Flame retardants are chemical substances added to plastics, textiles, wood, resins, and coatings to make them less flammable or to prevent the spread of flames. They are generally classified into reactive, additive, halogenated, and halogen-free flame retardants. Most are compounds containing nitrogen, phosphorus, antimony, iodine, chlorine, bromine, boron, aluminum, silicon, or platinum. The most commonly used and important are compounds containing phosphorus, bromine, chlorine, iodine, and aluminum. Examples of halogen-free flame retardants include aluminum hypophosphite, diethylaluminum hypophosphite, ammonium polyphosphate, aluminum hydroxide, and red phosphorus. Halogenated flame retardants include decabromodiphenyl ethane, octabromoether, and tetrabromobisphenol A. The mechanism of action of flame retardants can be explained from the following aspects:

1. At combustion temperatures, flame retardants form a non-combustible protective film that covers the material, isolating it from air and thus achieving flame retardancy. On the one hand, some flame retardants decompose at combustion temperatures into a non-volatile, non-oxidizing glassy film that covers the surface of materials, isolating them from air (or oxygen) and reflecting heat away or reducing thermal conductivity, thus achieving a flame-retardant effect. Examples include halogen-free PP flame retardants, halogenated phosphorus, boric acid, and hydrated borates. On the other hand, some flame retardants dehydrate and carbonize the material surface at combustion temperatures, forming a porous, heat-insulating coke layer, thereby preventing heat conduction and achieving a flame-retardant effect. Examples include aluminum hypophosphite, red phosphorus-treated cellulose, and ammonium salt flame retardants.

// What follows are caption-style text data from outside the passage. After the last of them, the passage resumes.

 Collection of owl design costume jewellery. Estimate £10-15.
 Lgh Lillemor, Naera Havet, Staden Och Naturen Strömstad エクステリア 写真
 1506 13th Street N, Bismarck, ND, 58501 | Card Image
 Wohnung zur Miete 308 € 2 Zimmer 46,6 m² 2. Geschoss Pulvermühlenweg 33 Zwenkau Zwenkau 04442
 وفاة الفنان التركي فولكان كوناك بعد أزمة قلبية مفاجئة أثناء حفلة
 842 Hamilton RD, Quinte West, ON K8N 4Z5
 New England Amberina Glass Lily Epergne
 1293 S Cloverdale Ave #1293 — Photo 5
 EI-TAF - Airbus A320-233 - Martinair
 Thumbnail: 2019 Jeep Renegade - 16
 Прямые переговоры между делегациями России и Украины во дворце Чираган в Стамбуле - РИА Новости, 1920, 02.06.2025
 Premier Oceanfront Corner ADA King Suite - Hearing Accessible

2. The decomposition products of some flame retardants readily react with active free radicals, reducing the concentration of certain free radicals and disrupting the crucial chain reactions in combustion. For example, the non-flammable gas HX produced by the decomposition of halogenated flame retardants at combustion temperatures can react with the active free radical HO. during combustion, breaking the free radical chain reaction and achieving flame retardancy.

3. Some flame retardants can immediately decompose at moderate temperatures to release non-flammable gases, diluting flammable gases and preventing combustion. For example, organic halogenated flame retardants release the non-flammable gas HX upon heating. Halogenated flame retardants such as bromine and chlorine decompose at high temperatures to generate HBr/HCl, which captures combustion-active free radicals (HO・, H・, O・), terminating the chain reaction; simultaneously, HX is a non-flammable heavy gas that covers and dilutes O₂ on the surface.

4. Some flame retardants decompose violently at high temperatures, absorbing a large amount of heat energy, lowering the ambient temperature, and thus preventing further combustion, such as aluminum hydroxide and magnesium hydroxide.

Flame retardants block the combustion cycle from multiple dimensions through five mechanisms: gas-phase chain scission, condensed-phase char formation, endothermic cooling, dilution and inertness, and synergistic enhancement. Halogen-free (phosphorus, nitrogen, silicon, metal hydroxides) is the mainstream direction, taking into account the needs of flame retardancy, environmental protection, and smoke suppression.